Hello Hoang,

exciting

Actually, if you’re already using LAPACK, I doubt there’s much potential

for further optimization on the same platform – if you, however, know

your stuff is going to only be run on Intel Xeons or so, than maybe have

a look at the Intel math kernel library lapack examples. Maybe you’d

want to accelerate by using GPUs, then you’d have a look at OpenCl or

CUDA implementation, or theano (however, I don’t know how readily

available things like SVD are for theano).

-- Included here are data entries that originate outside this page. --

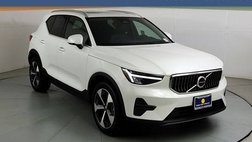 2025 Volvo XC40 B5 Core Bright Theme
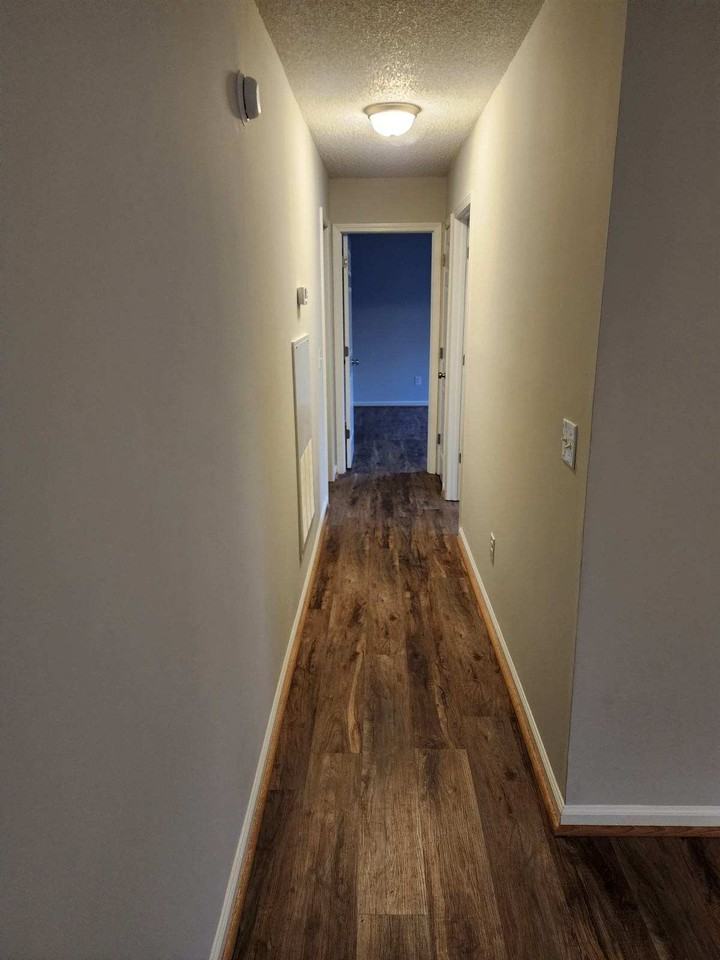 Cambridge Apts - Building 4 - Photo 2 of 3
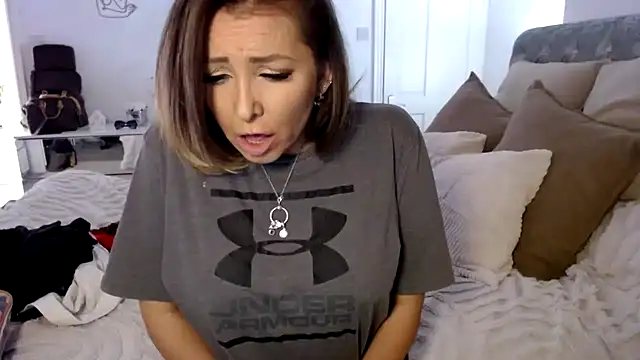 AngeleyesUK online show from April 29, 10:59 pm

One more thing: Since you’re doing SVD using LAPACK yourself, I trust

you’ve already chosen the right routine (general, fully equipped

complex-valued matrix). I’m not completely convinced, though:

Have you had a look at [1]? It seems SVD $A=V \Sigma U^H$ is a two step

process: First, the input matrix is decomposed into left and right

unitary matrixes $U_1$ and $V_1^H$ and an bidiagonal matrix $B$ using

CGEBRD, and after that, $B$ is SVD’ed, yielding $B=U_2 \Sigma V_2^H$;

the product $V_1 V_2$ then is $V$. Maybe for your application $V1$ is

sufficient, because you can rearrange your problem mathematically?

Greetings,

Marcus

[1] http://www.netlib.org/lapack/lug/node53.html